1.Он сам им позвонил. Так что ж тут удивительного? Телефонная книга Парижа — да, толстая, — но совсем не секретная. Буленбейцеров, между прочим, там оказалось четыре. Много! Но двое из них — раздвоившийся Федор: не выкинули из книги прежний адрес и телефон, а может, и Федор не стал извещать о перемене квартиры. Он не находился на нелегальном положении, но отнорочек оставить вполне благоразумно. Буквально значилось: 1) Ф. Буленбейцер 2) Федор фон Буленбейцер. Хорошо, а два прочих? Родственники. Крайне дальняя линия. Из любимых будто бы отцом Булена эстляндских Буленбейцеров. Собственно, это был один эстляндский Буленбейцер — Николай, теперь Николя (надо же: не Клаус). Другой — его покойный папаша — Вонифатий (по крайней мере, в русских документах) Буленбейцер. Его Булен видел, кажется, один раз — и не в Париже. Ольга отметила, что эстляндские Буленбейцеры — классические шведонемцы: им бы прирабатывать на своих же хуторах колодцами-журавлями (всегда смотрела, не со скрипом ли гнутся колени?), головы вытянутые (оттого, что предки напихивали шлем — вот и сдавило с боков), растительность головы тоже не признаешь буйной (преет под шлемом опять-таки), еще льдинки глаз, у Николя — с наволокой. Тут уж Ольга знала причину: она ему нравилась. Почему-то Булен считал, что раз в полгода надо участвовать в нетленно-торжественных радениях землячества дворян остзейского края (а входил ли Булен в их список? Или он — смеялась Ольга — опять соединял сантименты с профессией — мало ли кто за ревельским грогом что ему скажет в жилетку?)
И хотя задумывались такие радения на средневековый лад (вспомните рижское Братство черноголовых, существующее с 1498 года) и, соответственно, женщины были бы неуместны — но — новая эра! новая эра! — женщин привозили с собой, чтобы демонстрировать вроде новых запонок или пахучей бутоньерки. Кто скажет, что это не женская роль? Ольге роль даже нравилась. Булен в июльское утро ее именин протянул на пухлых ладонях шарики жемчужного ожерелья с вживленной в середину монистой из красного золота. Нет, он презирал парижские ювелиры. Мамино. И Ольга, конечно, смогла оценить. Она удивлялась, как хорошела ее (признаемся) подвядшая кожа под буленбейцеровыми жемчужинами. Нет, не буленбейцеровыми. Из рода Иваненков (фамилия матери). И, между прочим, девичья фамилия баронессы Врангель. Родство, впрочем, сочеталось туго, как и застежка на ожерелье. Но Булен все равно сиял от такого родства. «Отдай мне должное, — недовольно сопел он, когда Ольга ставила под сомнение данную генеалогию, — я совсем не болтаю об этом. И Петру Николаевичу ни разу об этом не напоминал». — «Ты же, собакин, никогда не встречался с Врангелем!» — «Почем знать, почем знать…»

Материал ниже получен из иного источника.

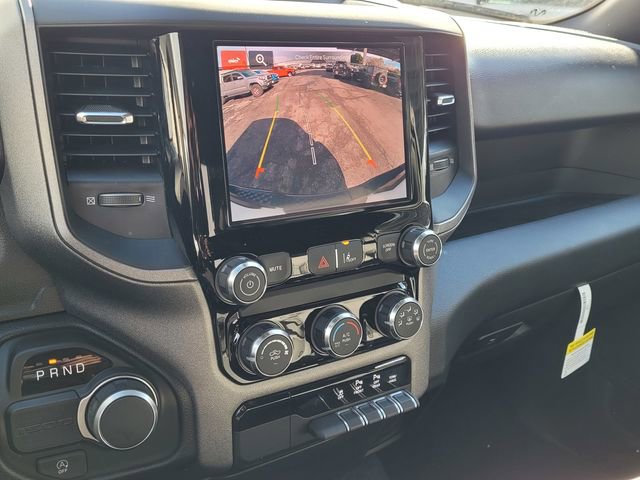 New 2026 RAM 1500 Tradesman image 12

Главное, повторяем, в другом. В ожерелье она хорошела. И, как заметила Ольга, это обстоятельство приятно волновало не только ее мужа (да, мужа). «Интересно, — думала Ольга, доброжелательно перебирая глазами костюм и детали лица у барона Николя, — интересно, он знает глагол „нагрузиться“?» И вопрос этот был не праздный: барон Николя непристойно вперялся в Ольгу именно благодаря выразительному глаголу. А чего, спрашивается, ради собирать землячества? Конечно, пели-пили-пели-пили….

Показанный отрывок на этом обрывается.